A oportunização da autonomia econômica das mulheres como uma atribuição estatal é uma das principais reivindicações do movimento feminista que, baseado em evidências, revela que as mulheres dedicam quase 22 horas semanais ao trabalho doméstico e de cuidados não remunerado, enquanto os homens dedicam metade desse tempo. Além disso, pesquisadores do FGV Ibre (Instituto Brasileiro de Economia da Fundação Getulio Vargas) apontam que 65% do trabalho do cuidado é feito por mulheres e representa ao menos 8,5% do PIB (Produto Interno Bruto) do país. Não à toa, a taxa de participação das mulheres no mercado de trabalho ainda é largamente inferior à dos homens e as taxas de desemprego referente a elas são superiores. Os rendimentos das mulheres ainda representam apenas uma parcela dos rendimentos recebidos pelos homens, assim como as posições ocupadas por homens e mulheres ainda são muito segmentadas. A síntese de indicadores sociais 2023 do Instituto Brasileiro de Geografia e Estatística (IBGE) também mostra que 71% das mulheres estavam fora da força de trabalho, ou seja, estavam desempregadas e não estavam em busca de um novo emprego.
Portanto, é grande a responsabilidade da atuação governamental para garantir políticas públicas responsivas, com recorte de gênero, com o objetivo de promover a igualdade no mundo do trabalho e o acesso das mulheres (com especial atenção para as mulheres racializadas) ao emprego decente (com renda e condições de trabalho digno).
Recentemente, o governo do presidente Lula, por meio do Ministério das Mulheres, deu um passo importante para a valorização da economia do cuidado no Brasil, um conceito inovador que lança luz sobre o trabalho do cuidado não remunerado, caracterizando-o como fundamental para o bem-estar social. O Decreto nº 11.460 institui o Grupo de Trabalho Interministerial que tem a finalidade de elaborar a proposta da Política Nacional de Cuidados e a proposta do Plano Nacional de Cuidados do Brasil.
O déficit de socialização do cuidado entre homens e mulheres se reflete em um desigual uso do tempo dedicado às atividades domésticas, impactando diretamente na baixa inserção das mulheres no mercado de trabalho.

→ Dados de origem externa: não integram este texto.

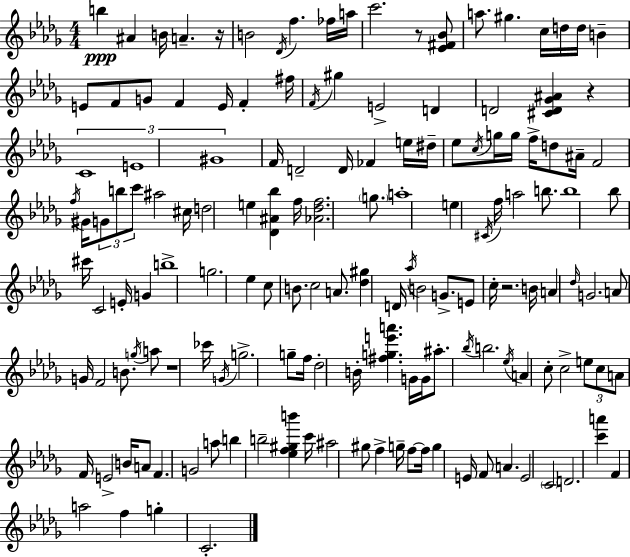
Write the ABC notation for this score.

Desta forma, a oferta de políticas e equipamentos públicos que possibilitem que as mulheres possam reduzir o tempo dedicado ao trabalho doméstico (não pago) do cuidado, oportunizam a utilização e ampliação do uso do tempo destas mulheres para o trabalho remunerado, promovendo um acesso direto a uma renda própria – um primeiro passo em direção à construção de sua autonomia econômica.
A garantia e a ampliação do investimento público na construção de creches, escolas em tempo integral, lavanderias e tantos outros equipamentos públicos é uma conquista concreta para a igualdade de gênero, para o bem estar das crianças, para a economia e para o desenvolvimento de toda a sociedade. Foi por isso que trabalhamos em conjunto com o governo federal para garantir, através do Programa de Aceleração do Crescimento (PAC Seleções), mais creches e escolas de tempo integral para diversas cidades de Minas Gerais, especialmente Uberlândia e municípios do Triângulo Mineiro.
Somos intransigentes na defesa de um Estado forte, garantidor do bem estar social, feminista e solidário. Nossa luta é para garantir que nenhuma mulher no Brasil tenha suas capacidades limitadas, sendo alijadas do mercado de trabalho e excluídas do processo produtivo remunerado por não poderem arcar com os custos de uma babá ou de uma escola particular. É dever do Estado garantir políticas públicas que combatam as desigualdades de gênero e assegurem a ampliação contínua dos direitos.